I fine-tuned a 0.8 billion parameter model on financial sentiment data. The base model scored 27.4% accuracy before training. After three epochs it hit 77.9%. That gap is what this is about.

Language models are trained on enormous amounts of internet text, which makes them good at a lot of things. Financial sentiment isn't one of them. Take this sentence: "The company's revenues declined less than expected." A model with no domain exposure reads "revenues declined" and calls it negative. Anyone who follows markets knows that beating expectations is often positive news - the word "less" before "expected" flips the whole thing. That's the kind of context a base model doesn't have.

I used Qwen3.5-0.8B deliberately - a small model. The question I wanted to answer was how much domain knowledge you can inject into a tiny model through targeted training, rather than assuming you need something larger. Fine-tuning it on 8GB of VRAM meant using QLoRA: the base model gets quantized to 4-bit, and only small adapter matrices are trained on top of the frozen weights. The base model doesn't change. The adapters learn what the base model lacks. At inference you load both and that's your fine-tuned model.

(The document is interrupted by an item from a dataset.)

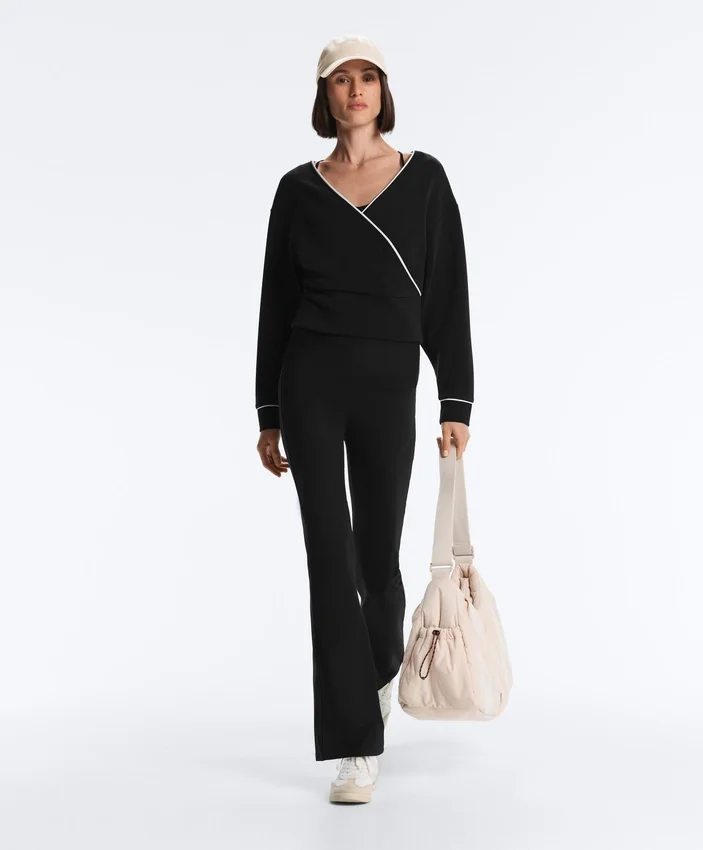 Sweat-shirt croisé avec passepoil contrasté et modal Sweat-shirt croisé avec passepoil contrasté et modal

Training data was FinGPT's financial sentiment dataset - tweets, headlines, and analyst commentary labelled as positive, negative, or neutral. In-domain data is the thing here. It's not general English, it's financial news, the same kind of text the model would see in production.

Before any training I ran the base model on 2,388 evaluation samples. Out of 1,566 neutral tweets, it correctly identified almost none of them. Neutral recall was essentially zero. The model defaulted to positive for most inputs, occasionally catching a negative. This isn't a problem with the model architecture. The base model just has no concept of what financial neutrality looks like - it has never been shown it - so it never predicts it.

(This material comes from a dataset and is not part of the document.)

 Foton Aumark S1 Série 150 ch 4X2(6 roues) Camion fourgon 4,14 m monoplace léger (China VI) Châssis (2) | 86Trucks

Training ran for three epochs, 14,397 steps. Loss went from 0.57 early on down to 0.045 by the end, decaying cleanly with the cosine schedule. Token accuracy reached 99.3% on the training set.

The fine-tuned model landed at 77.9% accuracy and a macro F1 of 0.76. Recall on positive and negative classes was 92% and 94%. Neutral precision was 0.97, meaning when it calls something neutral it's almost always right. The weak spot is neutral recall at 70% - 468 neutral tweets got called positive or negative instead. The boundary between neutral and mildly positive or negative is genuinely fuzzy, and I suspect more training examples at that edge would move the number, though I haven't tested it.

27.4% to 77.9% from three epochs of domain-specific training. The base model already knew English, understood financial vocabulary, and could format a response. What it couldn't do was draw the line between positive, negative, and neutral in a financial context. That turns out to be a learnable thing, and it doesn't take much data to learn it.